| Provided information |

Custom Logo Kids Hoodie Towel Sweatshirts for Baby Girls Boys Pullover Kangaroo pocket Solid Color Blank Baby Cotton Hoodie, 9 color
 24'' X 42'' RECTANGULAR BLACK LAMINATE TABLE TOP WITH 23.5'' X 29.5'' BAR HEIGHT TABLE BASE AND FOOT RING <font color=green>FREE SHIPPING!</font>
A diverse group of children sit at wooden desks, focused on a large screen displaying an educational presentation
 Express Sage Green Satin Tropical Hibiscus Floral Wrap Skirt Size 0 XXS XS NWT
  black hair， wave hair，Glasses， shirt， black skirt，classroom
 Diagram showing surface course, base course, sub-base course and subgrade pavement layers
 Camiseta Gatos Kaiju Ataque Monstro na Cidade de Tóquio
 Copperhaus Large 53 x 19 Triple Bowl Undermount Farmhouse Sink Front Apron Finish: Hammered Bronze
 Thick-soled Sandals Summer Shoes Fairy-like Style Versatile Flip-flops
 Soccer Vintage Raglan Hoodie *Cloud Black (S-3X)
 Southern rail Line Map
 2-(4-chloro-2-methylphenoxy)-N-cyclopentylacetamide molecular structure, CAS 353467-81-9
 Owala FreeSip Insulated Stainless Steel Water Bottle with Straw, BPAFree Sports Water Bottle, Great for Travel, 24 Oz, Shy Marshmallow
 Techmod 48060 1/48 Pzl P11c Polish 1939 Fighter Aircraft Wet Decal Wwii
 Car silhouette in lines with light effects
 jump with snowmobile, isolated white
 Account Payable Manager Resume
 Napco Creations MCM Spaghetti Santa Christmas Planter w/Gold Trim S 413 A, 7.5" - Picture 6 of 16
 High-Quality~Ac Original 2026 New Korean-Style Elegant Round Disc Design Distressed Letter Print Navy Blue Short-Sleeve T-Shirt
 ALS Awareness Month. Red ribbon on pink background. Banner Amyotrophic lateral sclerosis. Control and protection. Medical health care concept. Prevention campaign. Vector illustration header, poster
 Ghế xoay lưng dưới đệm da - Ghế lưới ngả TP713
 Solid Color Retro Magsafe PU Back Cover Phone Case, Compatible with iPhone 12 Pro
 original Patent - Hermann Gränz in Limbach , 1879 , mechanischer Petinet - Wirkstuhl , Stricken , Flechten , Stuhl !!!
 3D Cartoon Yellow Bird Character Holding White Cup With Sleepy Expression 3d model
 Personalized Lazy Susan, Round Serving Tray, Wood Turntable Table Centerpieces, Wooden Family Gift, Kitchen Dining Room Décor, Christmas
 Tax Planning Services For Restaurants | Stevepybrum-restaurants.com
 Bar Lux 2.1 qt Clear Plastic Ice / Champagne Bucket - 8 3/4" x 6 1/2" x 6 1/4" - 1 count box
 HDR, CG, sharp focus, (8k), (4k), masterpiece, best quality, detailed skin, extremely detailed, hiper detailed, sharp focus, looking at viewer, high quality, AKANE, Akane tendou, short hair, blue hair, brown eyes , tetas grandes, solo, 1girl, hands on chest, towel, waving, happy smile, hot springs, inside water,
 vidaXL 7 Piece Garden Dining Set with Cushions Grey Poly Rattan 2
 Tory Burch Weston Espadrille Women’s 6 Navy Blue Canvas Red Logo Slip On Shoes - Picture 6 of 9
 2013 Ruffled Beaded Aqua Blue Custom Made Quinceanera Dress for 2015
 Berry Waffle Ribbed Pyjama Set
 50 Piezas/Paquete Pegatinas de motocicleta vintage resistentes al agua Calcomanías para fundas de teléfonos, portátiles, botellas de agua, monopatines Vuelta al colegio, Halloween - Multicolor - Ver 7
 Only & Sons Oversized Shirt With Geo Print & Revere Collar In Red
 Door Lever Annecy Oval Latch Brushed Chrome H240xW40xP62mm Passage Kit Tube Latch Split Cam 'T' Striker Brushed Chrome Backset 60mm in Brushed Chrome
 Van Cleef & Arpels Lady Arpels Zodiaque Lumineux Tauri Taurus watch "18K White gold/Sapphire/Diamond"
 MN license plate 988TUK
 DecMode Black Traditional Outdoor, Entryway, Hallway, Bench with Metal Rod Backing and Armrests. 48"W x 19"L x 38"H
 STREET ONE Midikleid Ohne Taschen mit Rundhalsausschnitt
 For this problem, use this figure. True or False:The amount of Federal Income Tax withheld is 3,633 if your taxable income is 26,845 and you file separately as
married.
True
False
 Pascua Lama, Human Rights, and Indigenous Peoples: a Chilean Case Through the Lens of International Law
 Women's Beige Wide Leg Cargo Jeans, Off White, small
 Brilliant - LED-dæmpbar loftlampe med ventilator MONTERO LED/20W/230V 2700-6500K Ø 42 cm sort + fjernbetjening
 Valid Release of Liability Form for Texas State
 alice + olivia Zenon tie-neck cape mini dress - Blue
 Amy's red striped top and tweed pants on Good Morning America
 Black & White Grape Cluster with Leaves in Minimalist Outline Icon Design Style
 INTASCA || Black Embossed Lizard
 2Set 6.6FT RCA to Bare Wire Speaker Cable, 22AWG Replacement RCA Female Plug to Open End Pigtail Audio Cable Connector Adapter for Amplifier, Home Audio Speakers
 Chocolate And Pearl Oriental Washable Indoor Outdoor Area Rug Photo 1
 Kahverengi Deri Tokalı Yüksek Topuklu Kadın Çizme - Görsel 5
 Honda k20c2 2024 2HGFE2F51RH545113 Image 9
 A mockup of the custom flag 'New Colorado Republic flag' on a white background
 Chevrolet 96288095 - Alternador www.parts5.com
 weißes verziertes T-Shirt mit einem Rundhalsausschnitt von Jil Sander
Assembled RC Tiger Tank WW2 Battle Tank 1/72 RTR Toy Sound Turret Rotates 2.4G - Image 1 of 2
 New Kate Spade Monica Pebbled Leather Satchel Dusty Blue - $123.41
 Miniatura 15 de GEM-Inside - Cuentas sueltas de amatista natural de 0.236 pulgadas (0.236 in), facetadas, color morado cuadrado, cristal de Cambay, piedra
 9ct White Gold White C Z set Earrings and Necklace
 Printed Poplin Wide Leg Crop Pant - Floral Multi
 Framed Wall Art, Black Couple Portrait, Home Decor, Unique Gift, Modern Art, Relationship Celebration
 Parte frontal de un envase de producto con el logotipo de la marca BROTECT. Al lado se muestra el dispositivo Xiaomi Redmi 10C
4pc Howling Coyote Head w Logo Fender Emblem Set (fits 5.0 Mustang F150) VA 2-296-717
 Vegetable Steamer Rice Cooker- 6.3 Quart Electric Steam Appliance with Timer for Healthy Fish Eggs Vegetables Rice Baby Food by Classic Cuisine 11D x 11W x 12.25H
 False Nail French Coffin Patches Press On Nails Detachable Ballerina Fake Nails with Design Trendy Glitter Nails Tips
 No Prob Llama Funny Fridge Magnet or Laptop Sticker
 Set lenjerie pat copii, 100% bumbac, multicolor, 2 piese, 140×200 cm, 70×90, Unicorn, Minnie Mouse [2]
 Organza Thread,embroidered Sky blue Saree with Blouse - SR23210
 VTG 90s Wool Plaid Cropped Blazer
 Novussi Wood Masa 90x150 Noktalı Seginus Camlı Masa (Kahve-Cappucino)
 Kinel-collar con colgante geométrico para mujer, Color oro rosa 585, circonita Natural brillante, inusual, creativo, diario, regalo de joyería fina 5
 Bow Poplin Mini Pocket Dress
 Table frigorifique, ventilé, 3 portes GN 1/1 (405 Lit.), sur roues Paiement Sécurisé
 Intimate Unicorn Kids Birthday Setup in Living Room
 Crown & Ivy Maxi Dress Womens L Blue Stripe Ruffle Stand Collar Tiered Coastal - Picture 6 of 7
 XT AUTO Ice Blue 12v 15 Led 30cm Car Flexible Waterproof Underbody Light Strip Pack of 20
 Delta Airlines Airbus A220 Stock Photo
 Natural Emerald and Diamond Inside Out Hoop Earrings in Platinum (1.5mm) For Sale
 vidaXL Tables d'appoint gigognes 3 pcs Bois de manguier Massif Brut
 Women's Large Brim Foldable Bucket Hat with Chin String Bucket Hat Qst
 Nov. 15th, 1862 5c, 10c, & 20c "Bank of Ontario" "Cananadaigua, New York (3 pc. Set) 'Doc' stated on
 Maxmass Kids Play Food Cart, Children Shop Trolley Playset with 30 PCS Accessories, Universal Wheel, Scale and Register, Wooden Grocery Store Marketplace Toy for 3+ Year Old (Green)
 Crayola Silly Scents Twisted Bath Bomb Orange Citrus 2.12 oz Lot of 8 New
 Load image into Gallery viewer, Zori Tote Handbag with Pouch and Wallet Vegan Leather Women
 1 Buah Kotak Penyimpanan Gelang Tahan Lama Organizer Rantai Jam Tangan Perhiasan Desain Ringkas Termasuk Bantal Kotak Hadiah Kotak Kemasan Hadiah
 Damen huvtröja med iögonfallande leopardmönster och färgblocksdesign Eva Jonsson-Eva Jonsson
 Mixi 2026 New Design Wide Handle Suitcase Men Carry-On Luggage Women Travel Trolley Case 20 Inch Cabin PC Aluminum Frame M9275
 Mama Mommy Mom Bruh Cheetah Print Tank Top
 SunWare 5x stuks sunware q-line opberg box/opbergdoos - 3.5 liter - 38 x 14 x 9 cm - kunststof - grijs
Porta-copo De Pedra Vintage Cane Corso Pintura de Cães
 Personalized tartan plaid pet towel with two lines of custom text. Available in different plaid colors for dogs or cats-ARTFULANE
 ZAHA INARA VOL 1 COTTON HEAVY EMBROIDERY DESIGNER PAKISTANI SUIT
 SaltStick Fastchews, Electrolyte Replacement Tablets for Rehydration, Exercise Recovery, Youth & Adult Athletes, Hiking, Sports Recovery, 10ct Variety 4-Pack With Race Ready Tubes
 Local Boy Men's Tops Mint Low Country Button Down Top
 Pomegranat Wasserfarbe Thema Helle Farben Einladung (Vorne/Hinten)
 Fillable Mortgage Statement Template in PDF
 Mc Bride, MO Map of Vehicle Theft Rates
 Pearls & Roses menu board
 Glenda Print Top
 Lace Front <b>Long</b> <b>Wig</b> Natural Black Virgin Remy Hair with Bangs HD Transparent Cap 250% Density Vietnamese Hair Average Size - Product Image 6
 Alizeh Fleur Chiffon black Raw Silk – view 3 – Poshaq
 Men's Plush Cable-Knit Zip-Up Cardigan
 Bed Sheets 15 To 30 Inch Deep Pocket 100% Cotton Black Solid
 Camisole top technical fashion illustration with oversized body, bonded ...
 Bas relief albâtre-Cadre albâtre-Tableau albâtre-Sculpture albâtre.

| Action item |
What is the number of lines in the data that hold the string "Floral"? Answer with the number only.

| Solution to this task |
2